メンター選定の組織基準を明確に定める必要があります。「年齢が一番近いから」という理由で決まる会社が多いですが、それ以上に重要な要素として、「しっかりと面倒を見てくれるかどうか」というものがあります。メンター本人の育成モチベーションを確認し、いずれにせよ組織としてメンターに必要な要素をしっかりと考えることが求められます。

②メンターのモチベーションを高め、負担を取り除く

「君には将来的に管理職になってほしいと思っているから、若いうちからメンターとして育成スキルを身に着けてほしいんだ」等と組織として期待していることを伝えることで、メンターのモチベーションを高めることが重要です。また、メンターのサポート体制を構築することでメンタルヘルスを維持することも求められます。

③他の同僚の育成無関心をどう取り除くか

メンターをつけると他の同僚の方は「君のメンターはあの人だからあの人に聞いて」「メンターじゃない自分が関わってしまっては迷惑にならないかな」と育成に無関心になる危険性が考えられます。1人のメンターだけに役割を与えるのではなく、”皆で育てる”という職場風土を醸成することが重要です。具体的なポイントは次の項目で説明していきます。

(4)チーム育成

 メンター1人に負担を負わせるのではなく、サポートシェアリングの体制を整えること(仕事サポート、メンタルサポート、キャリアサポートなど複数人で役割分担する)が有益です。体制を整えるにあたって、会社全体で育成カルチャーを醸成することが重要です。育成無関心を取り除くために「育成会議」を開いたり、人事部がトップを巻き込んで人材育成の重要性を伝えてもらうなど、育成文化が根付くと人事部の負担が軽減されます。しかし、実際は現場が忙しくて育成が後手に回ってしまってチーム育成を実現するのは難しいという声も聞きます。「育成やってください」というだけでは協力してもらえないので、根拠を示すことが大切です。「あなたの部署の新人は〜と感じています」「あなたの育成力が組織の〜に影響を及ぼしています。このままだと会社の将来はなくなりますよ。」と根拠のあるデータを現場に見せて、「これは育成しないとまずいな」と腹落ちさせる必要があります。

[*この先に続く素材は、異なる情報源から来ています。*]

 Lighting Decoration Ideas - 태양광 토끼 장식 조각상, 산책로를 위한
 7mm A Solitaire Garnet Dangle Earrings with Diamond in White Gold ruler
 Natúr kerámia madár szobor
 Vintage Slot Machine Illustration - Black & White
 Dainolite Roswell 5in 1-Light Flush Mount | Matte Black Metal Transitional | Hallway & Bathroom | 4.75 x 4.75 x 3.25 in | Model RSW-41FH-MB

 また、チームの捉え方を自部署だけでなく、他部署あるいは他社や外部機関(カウンセラーやコンサルタント、研究者など)の人間まで含め、柔軟な捉え方でサポート体制を構築することも有益です。昨今、自社だけでの学習では限界があるため、外部に協力を求める「越境サポーター」の存在も必要になってきます。組織内外含め、より広い空間で若年就業者を育てていく体制づくりが求められます。

(5)環境整備

 新入社員を成長させ、定着させたいのであれば、上司を育てる必要があります。管理職研修でマネジメントやリーダーシップだけでなく「育成」についても触れたり、上司同士で自身の育成について共有し合ったりすることで、育成上手な上司に育てることができます。また、採用担当者が現場と連携することも大切です。「その人のどこに魅力を感じて、どんな可能性に惹かれて採用したのか」という採用理由や「この人のここが絶対伸びると思うので、ぜひここは伸ばしてください」と育成方針を示してあげたりすることで、現場の人も育成しやすくなります。

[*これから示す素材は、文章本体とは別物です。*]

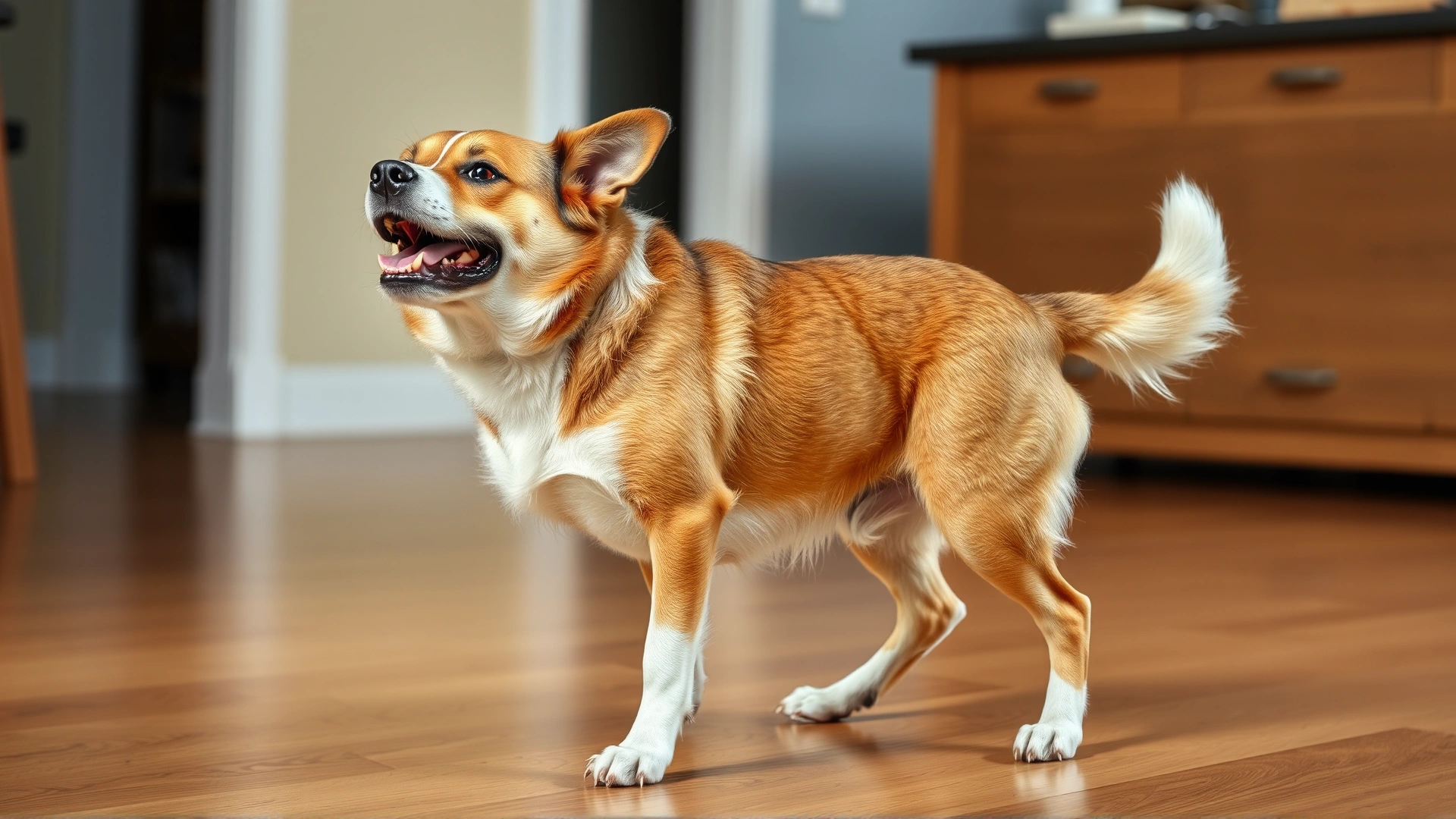 Medium shot of a mixed-breed dog vigorously scratching its side while standing on hardwood floor, indoor lighting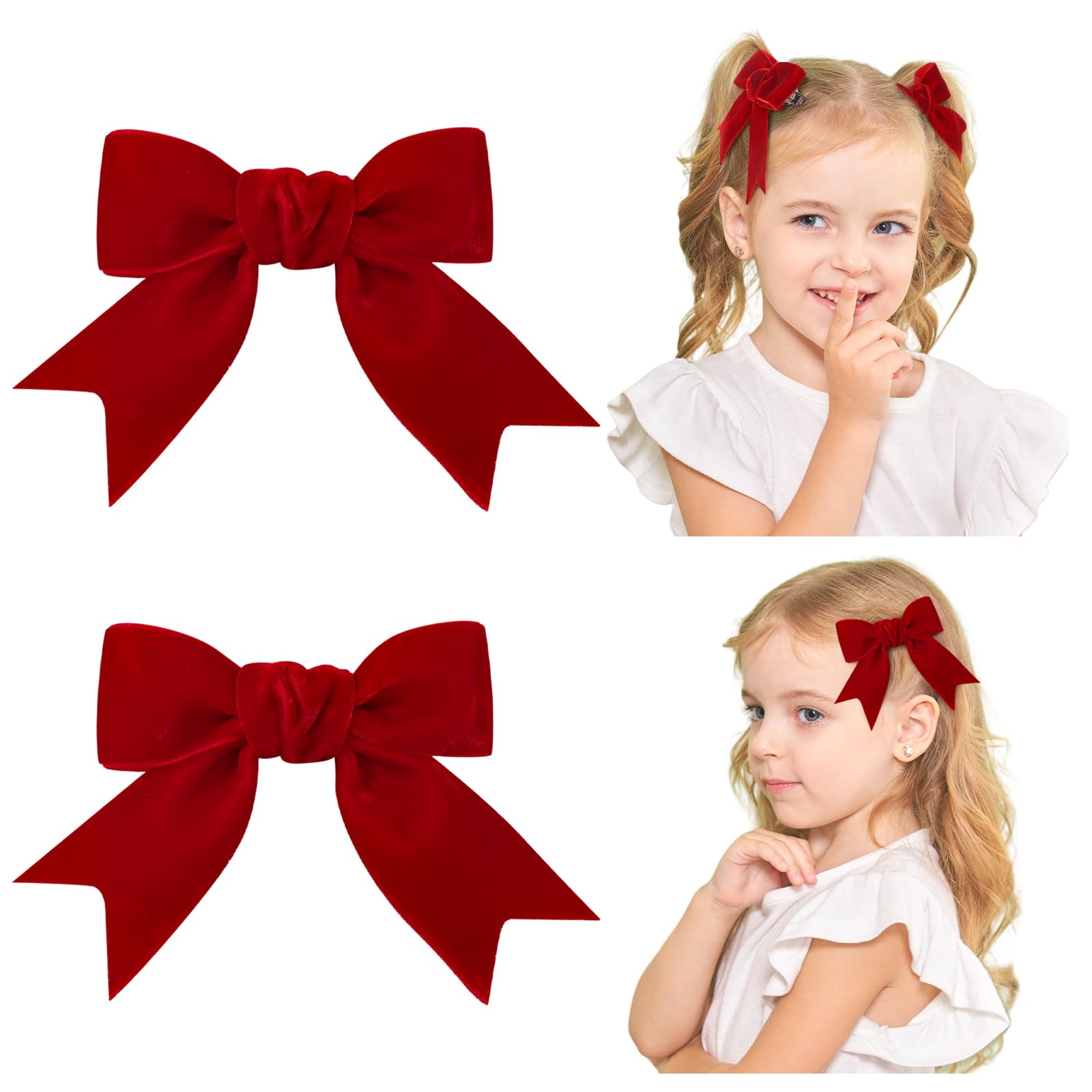 YHXX YLEN red velvet bows front view, plush texture for fall outfits.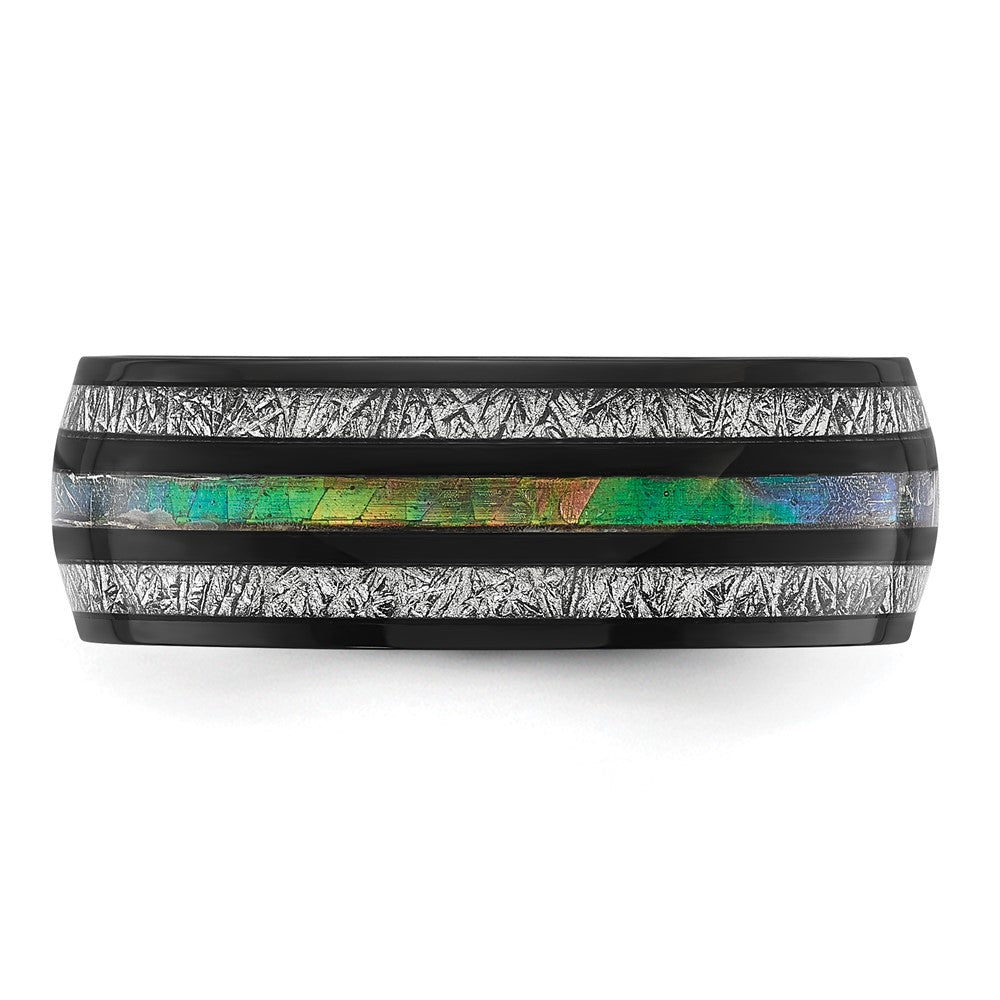 Chisel Stainless Steel Polished Black IP-plated with Abalone and Imitation Meteorite 8mm Band Size - 12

 そして、新入社員を生き生きと働かせたければ、先輩社員を生き生きと働かせることが重要です。離職した若手社員の発言に多かったのが「先輩の疲れ切った顔を見て、自分もああなるのかと思ったらゾっとした」というものです。新入社員に生き生き働いてもらえるよう努力しても、現場に配属した時の上司や先輩が疲弊していては何の意味もありません。夢を持って生き生きと働くかっこいい先輩や上司を見て「自分も先輩みたいになりたい!」「この会社で働いてたら先輩みたいになれるんだ!」と思えたら、その人たちをロールモデルとして自ら努力するようになります。「生き生き連鎖」を創出することが、最も有益なオンボーディング施策であると考えています。

セミナーアンケートコメント(一部抜粋)

  • 2時間全部とても有意義な時間だった。 新人研修が終了したあとのオンボーディング期間中、チューターに対して、何を育成の軸としてお願いしたら良いかなど、迷いがあったが、今回の説明の中で明確になった部分があった。
  • メンター制度の再構築をしておりましたので、大変勉強になりました。また、新卒自身のプロアクティブ行動を促す情報提供や研修設計を取り入れて、リアリティ・ショックを低減する施策を実施したいと思います。
  • 新人だけでなく、2年目であったり、先輩・上司のサポートも大事な点認識でき大変勉強になりました。日頃忙しい管理職・先輩がメンターとして新入社員や若手とコミュニケーションを深めていくにはどうしたらよいのか考えてみたいと思います。
  • 一口に育成といっても様々な角度から手を入れる必要があろうかと思いますが、まずは部署、チーム全体で新卒採用者を丁寧に育てていく風土や気概を作っていけたらと感じています。
  • チームでの育成、仕事、教育の意味、背景の説明の重要性の再認識、新規配属者だけでなく、先輩、上司の教育も必要、共に成長、協育、先輩、上司の活き活き姿も重要。とても勉強になりました。有難うございました。
  • たくさんの学びをいただきました。ありがとうございました。新卒・キャリアのオンボーディングを単発的な施策として考えるのではなく、全社の人事施策として設計し実行する必要があることを理解しました。現在の私の業務が、人事戦略に基づいたものか見直すことから始めます。その後、「生き生き連鎖」を生むための施策を考えていきます。

登壇者の声

最初に提示された情報に強く影響される「初頭効果」という心理傾向が人にはありますが、社会人になって最初の働くことへの印象やその企業への捉え方は、今後の人生にとっても、この企業の活躍においても、とても重要です。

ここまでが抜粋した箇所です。